New York District Attorney Cyrus Vance, Jr., is up to his old tricks again, still trying to victimize law abiding knife owners. The contemptible DA is attempting to vacate the Federal District Court decision that ruled the “wrist flick test,” used by NYPD and prosecutors to determine if a knife is a gravity knife, was unconstitutional under some circumstances. His outrageous motion is a blatantly self-serving and highly inappropriate effort to abuse a foundational principle of jurisprudence to his benefit. Knife Rights and Legal Aid Society have filed an Amicus Curiae (Friend of the Court) brief opposing the DA’s motion.
As you may recall, prior to the Governor signing the law repealing the state’s gravity knife ban completely, a District Court Judge, who actually ruled on the merits and in accordance with the law, declared the wrist flick test unconstitutionally vague. That limited decision was cited by the Governor in his bill signing statement when it appeared that our case at the Supreme Court might be accepted, which he wanted to avoid at any cost. The DA, as was expected, appealed that loss to United States Court of Appeals for the Second Circuit. Now he wants to make that decision simply go away, like it never happened, potentially allowing NYPD and prosecutors to return to using the unconstitutionally vague test in the transit system where gravity knives are still illegal.
The DA is arguing that the Plaintiff no longer has any legal claim because the statewide gravity knife ban was repealed.

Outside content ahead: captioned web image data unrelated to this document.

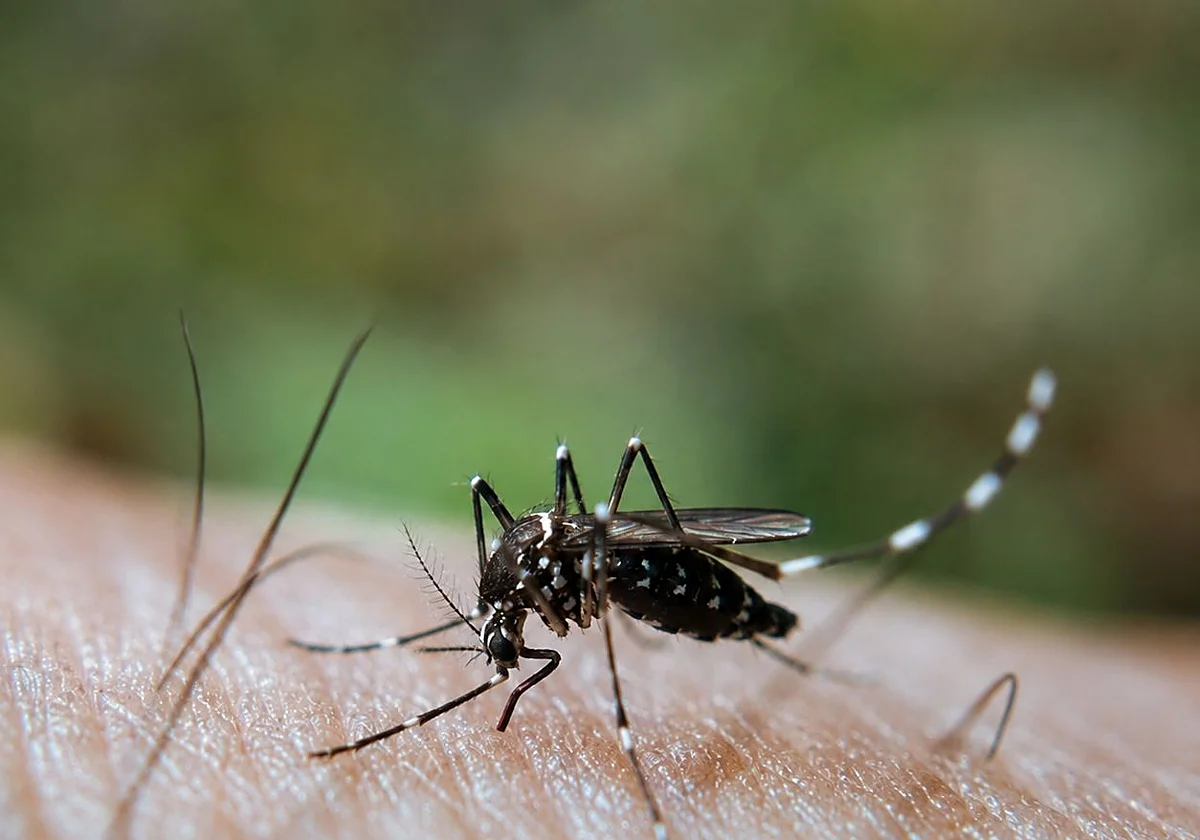 Más controles durante un mes: qué cambia ahora con la alerta por virus del Nilo en Cártama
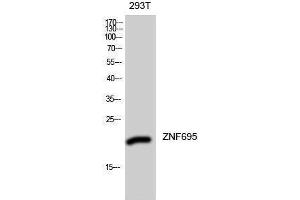 Western Blotting (WB) image for anti-Zinc Finger Protein 695 (ZNF695) (Internal Region) antibody (ABIN3187566) (ZNF695 Antikörper  (Internal Region))
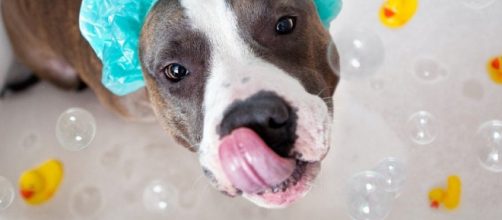 Razones por las que el ba&ntilde;o es el mejor momento de un perro - recreoviral.com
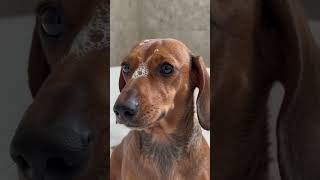 টু ফানি #video #everyone #edit #love #art #video #edit #funny #viral #likee #viralreels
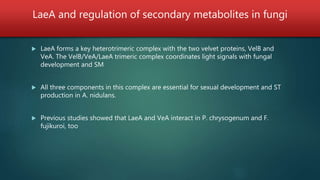 LaeA and regulation of secondary metabolites in fungi
 LaeA forms a key heterotrimeric complex with the two velvet proteins, VelB and
VeA. The VelB/VeA/LaeA trimeric complex coordinates light signals with fungal
development and SM
 All three components in this complex are essential for sexual development and ST
production in A. nidulans.
 Previous studies showed that LaeA and VeA interact in P. chrysogenum and F.
fujikuroi, too
 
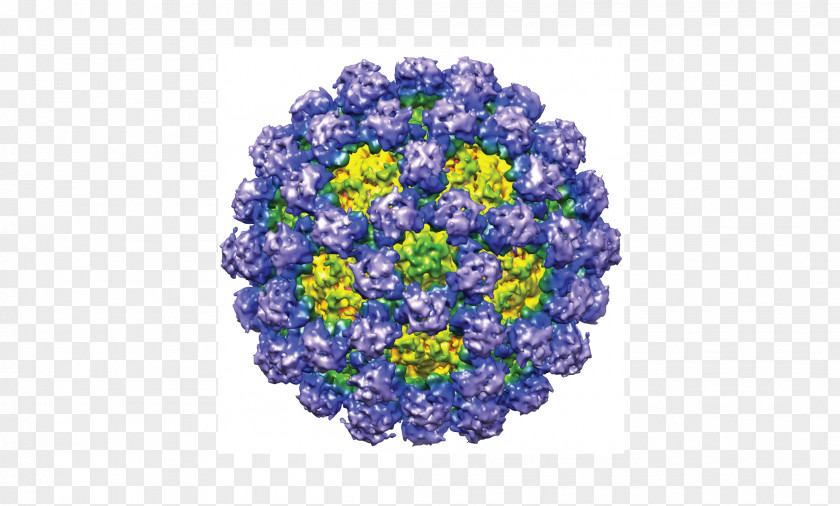 Chimera Norovirus Gastroenteritis Norwalk Virus Capsid Murine PNG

But, he ignores the fact that gravity knives remain banned on subways and buses in NYC and that the NYPD has made it clear they intend to enforce that ban.
Worse, he wants the Appeals Court to vacate the original decision, claiming that since the case is now moot, they do not have the opportunity to appeal that decision. Except, in this case, they had a choice to continue the appeal and instead the DA himself chose to make a motion to have the appeal dismissed as moot. That is a brazen attempt to manipulate the system unfairly to vacate the case. They would automatically win the appeal without having to actually win the appeal. In essence, the DA is the proverbial child who murders his parents and then throws himself on the mercy of the court because he is an orphan.
The DA, having made the motion and having argued in favor of mootness, should be precluded from benefiting from its position by also having the decision vacated, regardless of the Appeals Court decision, for or against, on the mootness motion.